In June 2010, as Sound Transit was weighing new equipment purchases, an Ohio DMU manufacturer, US Railcar, offered its product for the north line, whose four locomotives and 12 coaches could then have been moved to the Sounder south line. The agency rejected the approach, choosing instead to acquire three more locomotives for the south line at roughly $5 million each. Sound Transit says the DMUs would be harder to maintain.

The Citizen Oversight Panel (COP), an independent, 15-member panel of citizen volunteers appointed by Sound Transit, cautioned in a 2012 report with regard to the north line that the agency “may have to come to terms with a reality that one of its services is not living up to a reasonable definition of viability.”

But asked if Sound Transit might shut down the costly line, CEO Joni Earl responded, “At this stage, absolutely not.” Earl says the Sounder north line is “a long-term investment” and notes that the citizens of Snohomish County still seem to want the line. Sound Transit says it is boosting marketing efforts and working with transit partners and local jurisdictions to increase ridership and lower the cost per rider.

Many of Sound Transit’s problems can be traced back to the rosy outlook of the earlier administration that put together the 1996 Sound Move proposal. That proposal, which included the light rail system and 81 miles of commuter rail as well as other transit improvements, estimated the cost at $3.9 billion. But as Sounder and light rail expenses climbed, construction was delayed, and inflation cut purchasing power, it quickly became clear that Sound Transit had vastly underestimated the price tag for the system.

Observers say Sound Transit has improved its operations since Earl took over as CEO in 2001. “I think she turned the agency around,” says Bruce Agnew, a former COP member and current director of the Cascadia Center for Regional Development, a transportation think tank.

 “We’re always trying to find ways to do things more economically,” Earl says. “The old Sound Transit was ‘overpromise and underdeliver.’ Ours is ‘underpromise and overdeliver.’” She pointed to the current Westlake-to–Husky Stadium light rail extension, which in April was running $107 million under budget and was five and a half months ahead of schedule.

A big test of Earl’s administration will be her execution of the Sound Transit 2 proposal passed by voters in 2008 as a sort of sequel to Sound Move.

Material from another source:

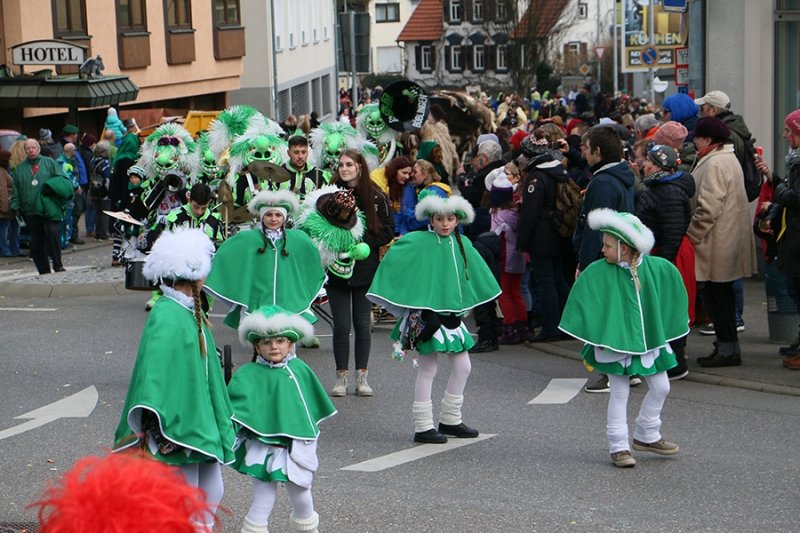 Großer Faschingsumzug in Kirchheim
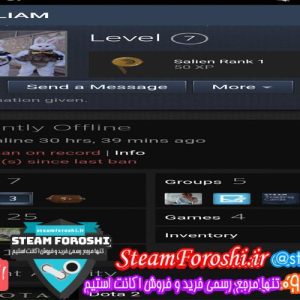 فروش اکانت استیم کد ۵۰۹۹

It calls for spending $11.8 billion to build 36 more miles of light rail, extending the system to the east as far as Overlake, about a mile and a half from the Microsoft campus, to the north as far as Lynnwood and to the south close to Federal Way—for 55 miles of light rail.

Already, the agency has chosen not to build the 2.3 miles of new track that would have extended light rail to the south near Federal Way—due to revenue shortfalls. Virtually all of Sound Transit’s funding comes from sales taxes collected in five subareas. Although all regions have seen tax revenues plunge, South King County was particularly hard hit with a 40.7 percent decline in sales taxes. As a result of the shorter line, Sound Transit has reduced its 2030 weekday ridership target to 280,000, from its original of 286,000. That number, if achieved, still represents an impressive tenfold increase in ridership compared to today.

The agency continues to be bound by costly decisions made in the past. Sound Transit’s 2013 budget, for example, includes $10.2 million toward an $18.3 million plan to build a second Sounder platform in Mukilteo. The plan includes $9 million to build a pedestrian overpass with two elevator towers for crossing the tracks. At present, the trains use track crossovers to stop at a single platform for the 44 riders getting on or off each train on an average weekday. Sound Transit spokesperson Geoff Patrick says the agency is required to build the expensive two-platform station as part of its original right-of-way deal with BNSF.

But some costs still seem unnecessarily high. The 2013 budget features $15.1 million toward a $46 million replacement of the temporary Tukwila Sounder station. This includes $3 million for oversight of contractors and $11 million for real estate—$8.37 million of which will primarily cover parking.

University of Washington professor of civil and environmental engineering Scott Rutherford, who sat on a Sound Transit–appointed expert panel that reviewed Sound Move before it went on the ballot, says regional geography explains some the agency’s big bills. “It’s a hard place to build anything, that’s for sure,” he says, referring to the region’s wasp-waisted geography. “It’s not like Dallas, where they just build another ring road.”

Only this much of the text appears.